For the last two years, DataCore has also partnered with Lenovo to make their software available in Lenovo hardware in a turnkey appliance. Lenovo partners who sell this are unlikely to be interested in the new appliance offering, because it is built on Dell hardware.
“The Lenovo partner community will have a natural affinity for their own appliance,” said Augie Gonzalez, Director of Product Marketing at DataCore. “The HCI-Flex appliance is aimed at our partners who don’t have such an alignment, where DataCore is the single source of support. It’s a completely different set of partners.”
The HCI-Flex appliance is available in multiple 1U and 2U configurations with either VMware vSphere or Microsoft Hyper-V pre-installed. Dada said that while these are smaller and aimed at edge and ROBO environments, they aren’t low-cost devices.
“Our intent is not to go for the lowest end of the market,” Dada said. “It’s more high performance, because we are known for performance. We work with one of Dell’s top partners to build the appliance.”
The new DataCore Insight Services use machine learning and AI intelligence to detect current or foreseeable anomalies in the data storage infrastructure, while the built-in recommendation engine directs designated individuals to the most appropriate corrective actions.
“Companies and partners struggle with finding people who can monitor this broadly to provide best practices and insights,” Dada said “We have a user interface in the cloud linked with the local to provide seamless management. We had the local capability of providing telemetry data before, but it didn’t work with a cloud-based service like the new platform does. That meant that before, DataCore instances had no visibility outside their own site. Now, we can pattern match against things we have seen elsewhere.”
Tier One storage vendors typically provide this capability already – on their own offerings. The issue for companies with more than one vendor is providing all of this in a single pane of glass.
“What’s different about us here will be our ability to scan divergent storage systems,” Gonzalez said. “HPE, for example. looks at what they bring to the party and they instrument that. We sit as a player across the entire span and give that overall view. That is unique to us, and will provide a uniform way to act – not one view from HPE and one view from Pure. We converge those views in our cloud-based analytics platform.”
That capability isn’t there today, but Dada said it’s only a few months off.
“Today we don’t have this, but we plan to in next few months,” he said. “It will give partners an overall view of all systems being managed with a unified dashboard, both for MSP and traditional solution providers.”
“This will also not require a high level of training,” Gonzalez added. “It’s something that more junior people can handle.”
Finally, while the subscription licensing offering is new to DataCore, Dada said that it reflects the trends in the industry.

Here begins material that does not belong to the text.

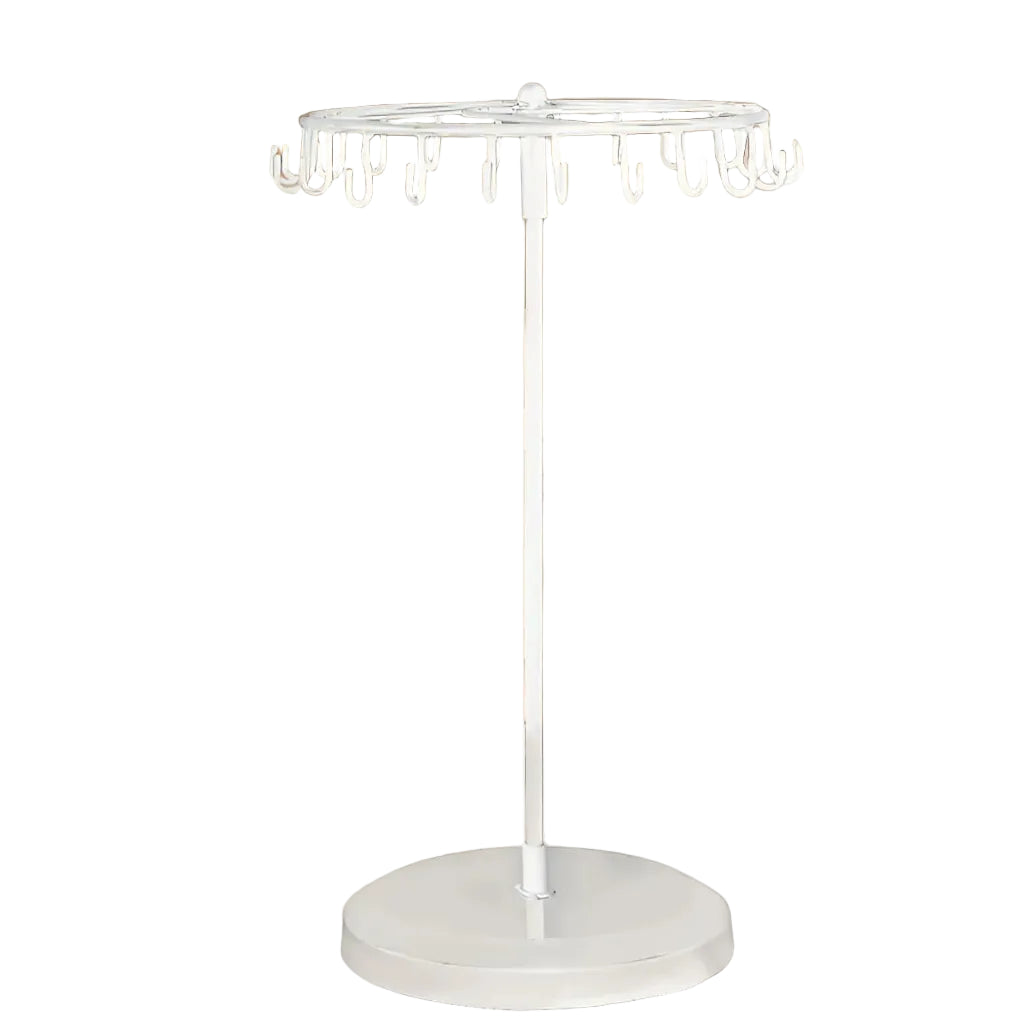 Porte-Bijoux Rotatif 360° – 23 Crochets en Métal Blanc Ivoire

“Starting now, customers have the choice of perpetual or term licenses,” he said. “The DIS is only in the subscription licenses, however, at no additional cost.”
For cloud service provider partners, there is consumption-based metering, but it’s not being sold to customers broadly on a consumption-based model.
“Customers have told us they want more predictability and that means fixed capacity pricing,” Dada said. “That’s also more channel friendly.”
Pricing includes both support and software updates. All licenses are based on capacity with a simple price per TB irrespective of the number of nodes used.
“It’s a very simple model, with the price per TB, and there’s no nickel and diming for additional features like High Availability and mirroring,” Dada noted. Three license formats are available: enterprise; standard (without the encryption); and LS [large secondary], with the latter being for low-cost use cases which are not performance-intensive.